Information » Money » Benefits » Income Support
Income Support is help if you or your partner have no or a low income. You can’t claim it if you have signed on as unemployed, get Employment and Support Allowance or if you work 16 hours a week or more.
It is not for anyone on a low income; to get it, you must be one of a group of people who can get benefit without having to look for work.
For example, you may be pregnant, or a carer, or a lone parent with a child under 5 or, in some cases, unable to work because you’re sick or disabled.
Your income and any savings (over £5,999) can affect how much you get, and your partner’s income and savings will also be taken into account. You won’t usually qualify if you have savings above £16,000.

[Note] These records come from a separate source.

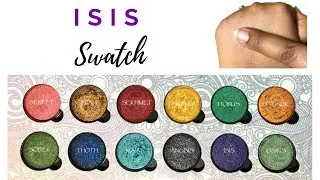 Swatch of Isis | Egyptian Gods & Goddesses | Makeup With Rising Phoenix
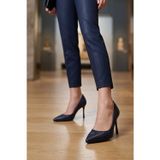 Elit ZYN4016 Kadın Stiletto Lacivert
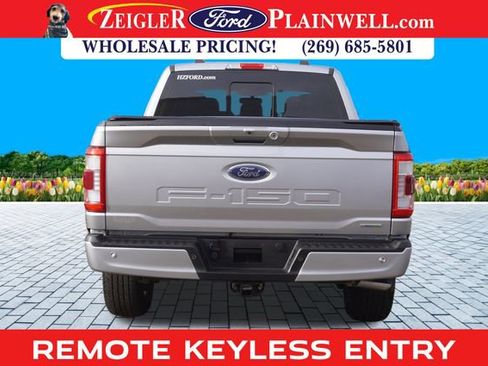 Used 2021 Ford F150 Lariat w/ Equipment Group 502A High image 4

Income Support is a non-contributory benefit. This means you can get it even if you don’t pay National Insurance contributions (payments).
How Will I Be Paid?
- a basic payment (personal allowance)
- extra payments (premiums)
You’ll get at least £56.80 a week in personal allowance and between £15.55 and £122.20 extra (premiums), depending on your circumstances e.g. if you’re a pensioner, disabled or a lone parent with a disabled child.
You can check the current rates here.
Income Support is normally paid every 2 weeks. It will be paid into an account e.g. a bank account, so make sure you’ve got one!
Who Else Can Apply?
Normally, you can’t apply for Income Support if you’re in full-time education. However, young people aged 19 or under in full-time secondary education who have children, have no parent(s) (or equivalent) living with them, or face a serious risk of abuse or violence can apply.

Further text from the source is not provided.